• _TASK ITEM_:
In the listing, locate the line containing "감정인식 AI 기술의", then quote it and all following lines exactly. Omit pictures.

--*--

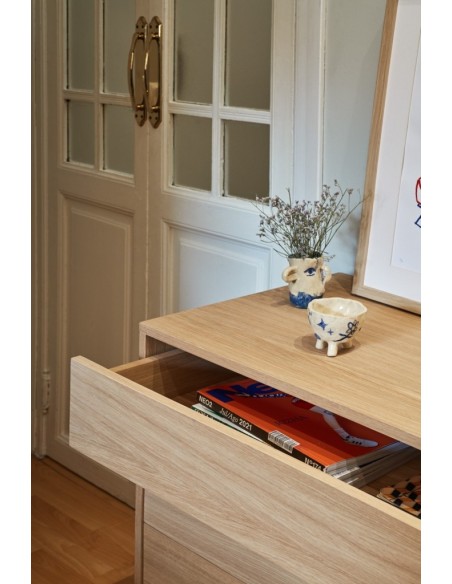 Teulat APARADOR minimalista YOKO 128x45,COLOR TEJA/ROBLE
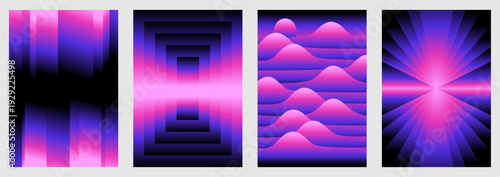 Vector illustration collection - trendy abstract creative minimalist prints and compositions with bright gradient colors - design templates for social media posts and stories, posters and banners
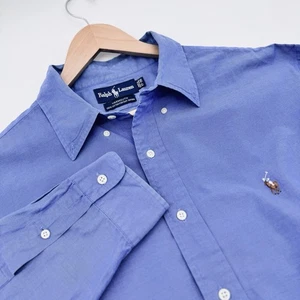 Ralph Lauren Hombres Yarmouth Pinpoint Oxford Manga Larga Botón Camisa Talla XL 17 35 - Imagen 1 de 7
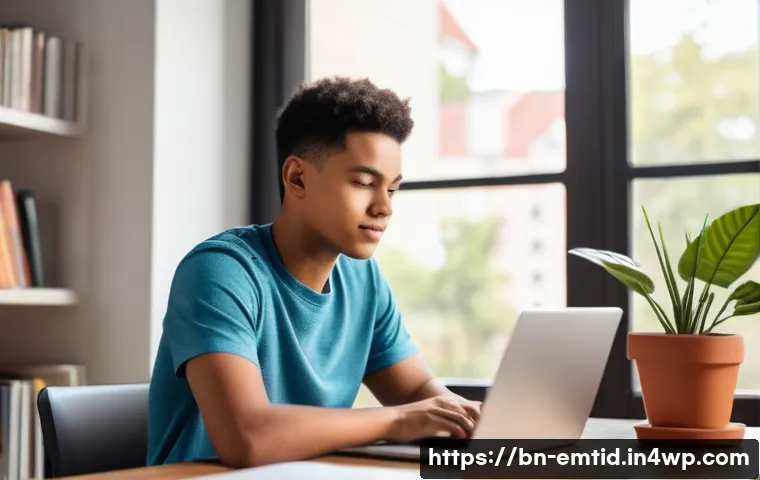 감정인식 AI 기술의 글로벌 환경 - **Educational Engagement with AI Assistance**
    A bright, modern home study setup. A teenage stude...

--*--

• _PROBLEM SOLUTION_:
 감정인식 AI 기술의 글로벌 환경 - **Educational Engagement with AI Assistance**
    A bright, modern home study setup. A teenage stude...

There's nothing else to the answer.